* SOURCE DATA:

◇ ◇ ◇ ◇ ◇ ◇ ◇

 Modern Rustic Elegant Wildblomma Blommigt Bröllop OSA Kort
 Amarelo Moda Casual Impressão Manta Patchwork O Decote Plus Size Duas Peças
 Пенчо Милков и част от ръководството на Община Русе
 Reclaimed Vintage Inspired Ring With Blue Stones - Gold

◇ ◇ ◇ ◇ ◇ ◇ ◇

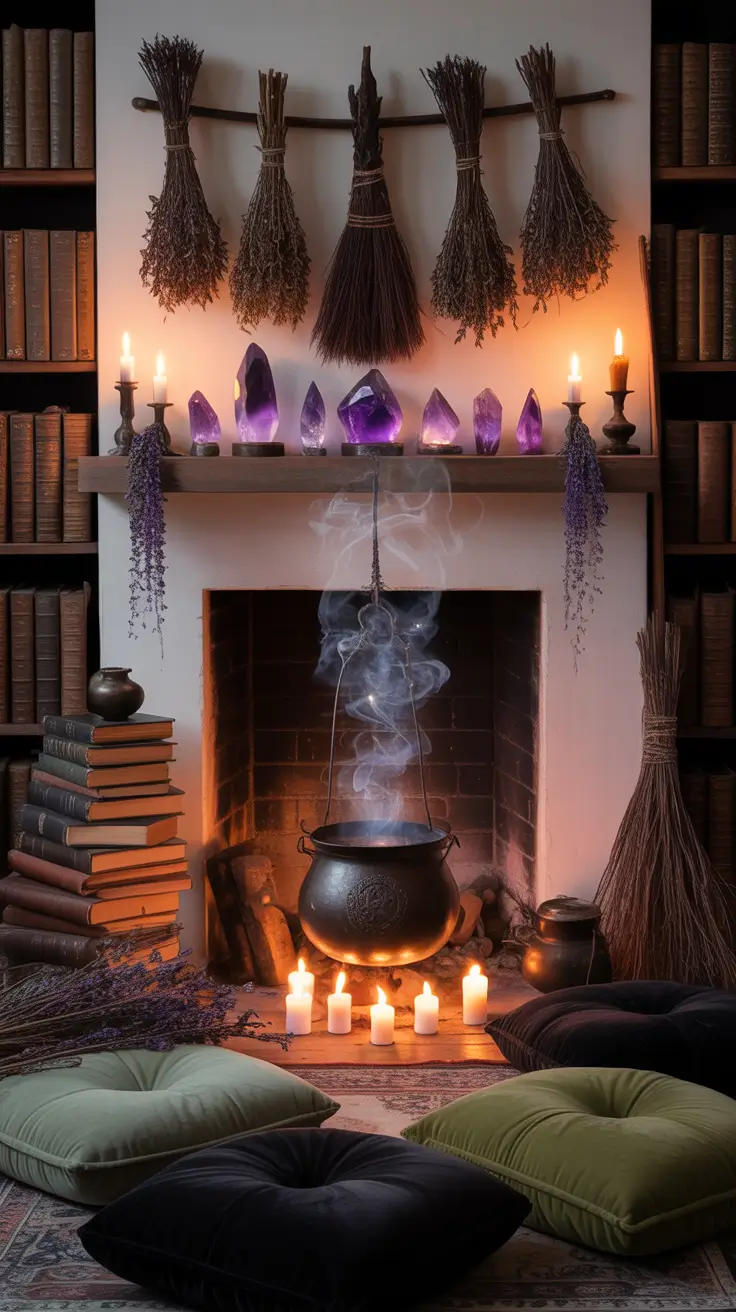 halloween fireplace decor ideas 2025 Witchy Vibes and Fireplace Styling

◇ ◇ ◇ ◇ ◇ ◇ ◇

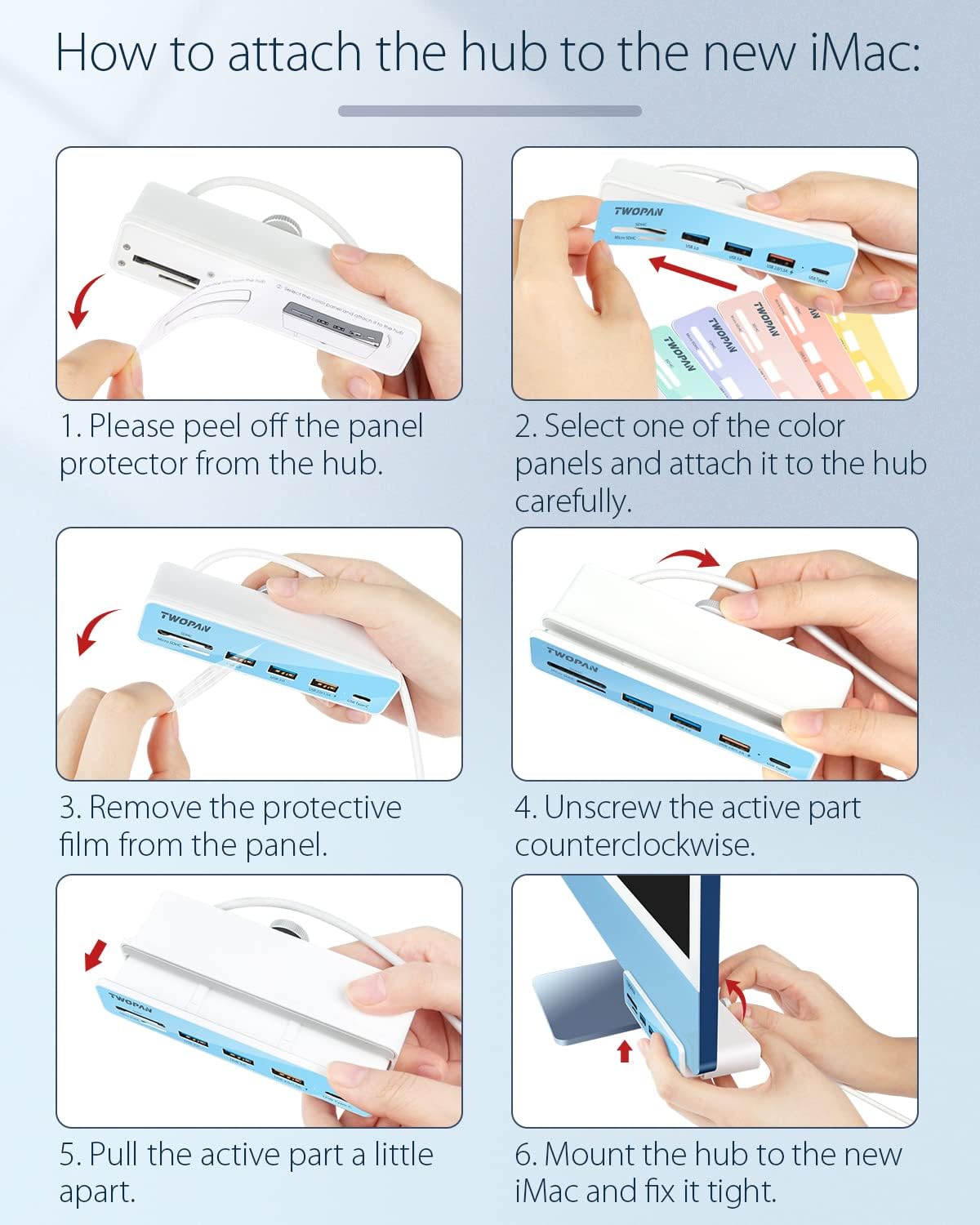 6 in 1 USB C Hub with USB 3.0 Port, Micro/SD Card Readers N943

◇ ◇ ◇ ◇ ◇ ◇ ◇

* WORK TO BE COMPLETED:
Start with the line above that contains "Modern Rustic Elegant" and end with the line that contains "Reclaimed Vintage Inspired". Write out those lines exactly, and only those.

* EXERCISE SOLUTION:
 Modern Rustic Elegant Wildblomma Blommigt Bröllop OSA Kort
 Amarelo Moda Casual Impressão Manta Patchwork O Decote Plus Size Duas Peças
 Пенчо Милков и част от ръководството на Община Русе
 Reclaimed Vintage Inspired Ring With Blue Stones - Gold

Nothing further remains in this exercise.